2016.09.25 The Talker

The Business Leader Association Handbook (BLAH) famously divided employees of the entire world into 2 types – those who can talk comfortably about things they have no idea about (the talker) and those who can’t (the doer). According to the Association, talkers are generally better for the managerial positions because “the unlimited supply of the seemingly useless speech is, in some rare cases, able to disorient the minds of their customers, and even more likely, able to trick the minds of their own management.”

Interestingly, due to their intrinsic inability to listen and observe, talkers are more likely to be attracted to their own kind, thus gradually and inevitably turning the whole management into a tons of colorful PowerPoints. “The expansion of talkers in the management positions around the globe”, as the Handbook pointed out in its 2011 Edition, “drastically expedited the development of Voice of Internet Protocol, which in turn made it financially even more possible to convert more talkers into managers”. (trivia of the day: the 2011 Edition is probably the second most sought-after copy throughout the history of BLAH publication, second only to the 2014 Edition which featured Sam Nablah as the new Macrosoft CEO on its cover)

While most of the inspired talker-to-be have to spend many years of their professional career perfecting their skills, some are simply born with it. The best talker I’ve personally worked with was so good at it that when he talks, his words form an invisible bubble which shelled him not only from the outside world but also from himself. He only needed 1 or 2 minutes to warm himself up before becoming completely free from any technical, commercial, physical and mathematical constraints to do business with. The only time I needed to wake him up was when we’re about to commit to things illegal.

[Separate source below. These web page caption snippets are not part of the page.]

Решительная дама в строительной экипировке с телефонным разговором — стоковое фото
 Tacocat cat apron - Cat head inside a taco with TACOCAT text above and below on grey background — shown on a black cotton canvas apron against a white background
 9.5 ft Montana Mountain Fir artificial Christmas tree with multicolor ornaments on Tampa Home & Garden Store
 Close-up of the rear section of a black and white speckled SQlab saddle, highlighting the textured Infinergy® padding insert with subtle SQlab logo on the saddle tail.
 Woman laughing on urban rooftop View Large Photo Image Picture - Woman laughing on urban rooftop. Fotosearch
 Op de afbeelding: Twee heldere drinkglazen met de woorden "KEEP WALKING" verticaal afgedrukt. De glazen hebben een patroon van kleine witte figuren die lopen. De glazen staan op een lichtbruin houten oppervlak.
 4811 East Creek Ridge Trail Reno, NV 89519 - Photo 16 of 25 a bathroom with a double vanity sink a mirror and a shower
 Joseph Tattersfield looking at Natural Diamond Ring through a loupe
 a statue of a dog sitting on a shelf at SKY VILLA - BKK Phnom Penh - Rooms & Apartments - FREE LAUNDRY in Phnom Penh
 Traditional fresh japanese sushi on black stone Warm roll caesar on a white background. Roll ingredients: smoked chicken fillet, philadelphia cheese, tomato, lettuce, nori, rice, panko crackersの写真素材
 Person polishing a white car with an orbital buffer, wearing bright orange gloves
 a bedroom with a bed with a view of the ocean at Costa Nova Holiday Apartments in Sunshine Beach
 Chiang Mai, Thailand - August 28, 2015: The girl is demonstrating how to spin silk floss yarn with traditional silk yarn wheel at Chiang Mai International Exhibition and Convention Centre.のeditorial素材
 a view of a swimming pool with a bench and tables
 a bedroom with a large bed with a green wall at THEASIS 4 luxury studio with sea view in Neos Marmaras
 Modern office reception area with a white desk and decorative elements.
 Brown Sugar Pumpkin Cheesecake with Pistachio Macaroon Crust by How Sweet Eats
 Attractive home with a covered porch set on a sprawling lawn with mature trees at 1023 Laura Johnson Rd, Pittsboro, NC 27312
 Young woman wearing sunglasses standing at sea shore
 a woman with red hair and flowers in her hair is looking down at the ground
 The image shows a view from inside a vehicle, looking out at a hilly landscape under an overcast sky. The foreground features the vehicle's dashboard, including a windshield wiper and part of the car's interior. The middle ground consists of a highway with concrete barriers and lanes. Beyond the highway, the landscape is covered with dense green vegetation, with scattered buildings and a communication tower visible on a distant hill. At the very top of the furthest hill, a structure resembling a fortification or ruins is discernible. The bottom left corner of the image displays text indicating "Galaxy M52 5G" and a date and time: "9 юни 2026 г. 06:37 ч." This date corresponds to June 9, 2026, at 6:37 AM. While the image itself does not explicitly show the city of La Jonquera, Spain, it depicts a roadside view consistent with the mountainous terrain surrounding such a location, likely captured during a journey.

With him, it had been extremely efficient for the company to pin-point to that 1% of the “target customer”, who are almost certainly another group of talkers and, with whom we could easily secure at least 20 more conference calls in the next 3 months without actually doing anything. That’s when I started to believe the Handbook, the VoIP technology that many of us take for granted nowadays, had been indeed fostered by the unsung talkers.

It was quite sad that 2 years later he chose to leave us to join a bigger MNC after realising that our company plans only to do business on Earth. I can’t imagine how disappointing he must have felt.